Unfortunately, BMW won't budge on changing the wording of this and the only work around is to request a letter every time.


Sent from BimmerApp mobile app


----------



## lezam (Apr 24, 2013)

Jblackbelt said:


> I have to disagree with the comment that there is nothing unreasonable about the lease. In clause 18 it specifically states that other than a spouse that no one can drive the vehicle without explicit written consent from BMW fs. This means that anytime I hand my keys over to a valet in NYC I am in violation of my lease. While its something that really is not enforceable, it is something that 99% of people break as they let their kids, valet, garage attendants, etc drive the cars and in turn violate the lease.
> 
> Unfortunately, BMW won't budge on changing the wording of this and the only work around is to request a letter every time.
> 
> Sent from BimmerApp mobile app


Really? I've never noticed or heard of that before!


----------



## CTSoxFan (Oct 20, 2006)

I never noticed it either, but something has to be wrong there. I can see the part about an uninsured driver (although most if not all policies have uninsured coverage, and one of the requirements is to maintain insurance), but like JBlack said it makes no sense that someone's kids or a valet couldn't drive the car. I wonder why that is even in there...


----------



## Jblackbelt (Mar 18, 2007)

I've raised the concern before and request a letter each time. They won't give me an answer as to why its there and refuse to change it


Sent from BimmerApp mobile app


----------



## Jon Shafer (Dec 15, 2001)

Jblackbelt said:


> I have to disagree with the comment that there is nothing unreasonable about the lease. In clause 18 it specifically states that other than a spouse that no one can drive the vehicle without explicit written consent from BMW fs. This means that anytime I hand my keys over to a valet in NYC I am in violation of my lease. While its something that really is not enforceable, it is something that 99% of people break as they let their kids, valet, garage attendants, etc drive the cars and in turn violate the lease.
> 
> Unfortunately, BMW won't budge on changing the wording of this and the only work around is to request a letter every time.

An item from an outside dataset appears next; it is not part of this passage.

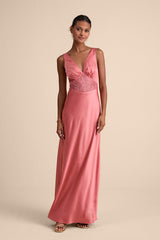 Toulouse Rusty Rose Satin Lace Maxi Dress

I think you are reading too much into this. "Drive" does not mean "park". Of course if your car is in the shop a technician is going to need to test it out. "Drive" would mean taking it out on the road to get from point A to point B. Leasing is tantamount to renting. Go rent a car and read the contract. It will have the same language, of course, only the listed renter is supposed to operate the vehicle.



CTSoxFan said:


> ... but like JBlack said it makes no sense that someone's kids or a valet couldn't drive the car. I wonder why that is even in there...


Seriously, you can't think of any reason why it would say this?

Well, I invite you to consider the fact that with a lease, BMWFS *owns the vehicle*, not the lessee. They want to make sure that their *ass*ests are protected as I am sure you would to. What would think would happen if a lessee turned a vehicle loose to a kid or a friend under the influence, and the car got stacked up, someone killed or hurt. BMWFS as Owner (Lessor) could be held liable.


----------



## CTSoxFan (Oct 20, 2006)

Jon Shafer said:


> Seriously, you can't think of any reason why it would say this?
> 
> Well, I invite you to consider the fact that with a lease, BMWFS *owns the vehicle*, not the lessee. They want to make sure that their *ass*ests are protected as I am sure you would to. What would think would happen if a lessee turned a vehicle loose to a kid or a friend under the influence, and the car got stacked up, someone killed or hurt. BMWFS as Owner (Lessor) could be held liable.


Jon - I see your take on this, however I believe sections 20 and 33 cover that scenario, as I can't imagine BMWs lawyers would allow someone to drive a car owned by the company without having CYA clauses in the contract to protect their interests.


----------



## Jblackbelt (Mar 18, 2007)

Jon, I see where you are coming from but the fact is to park a car it must be driven. While the concept between a rental and a lease is the same, one is for a term that usually is years in length while the other is short term. In addition, what if a CEO has drivers for their 7 series that constantly change? That would mean that each time the employee chauffeuring the CEO would not be covered thus violating the lease.


----------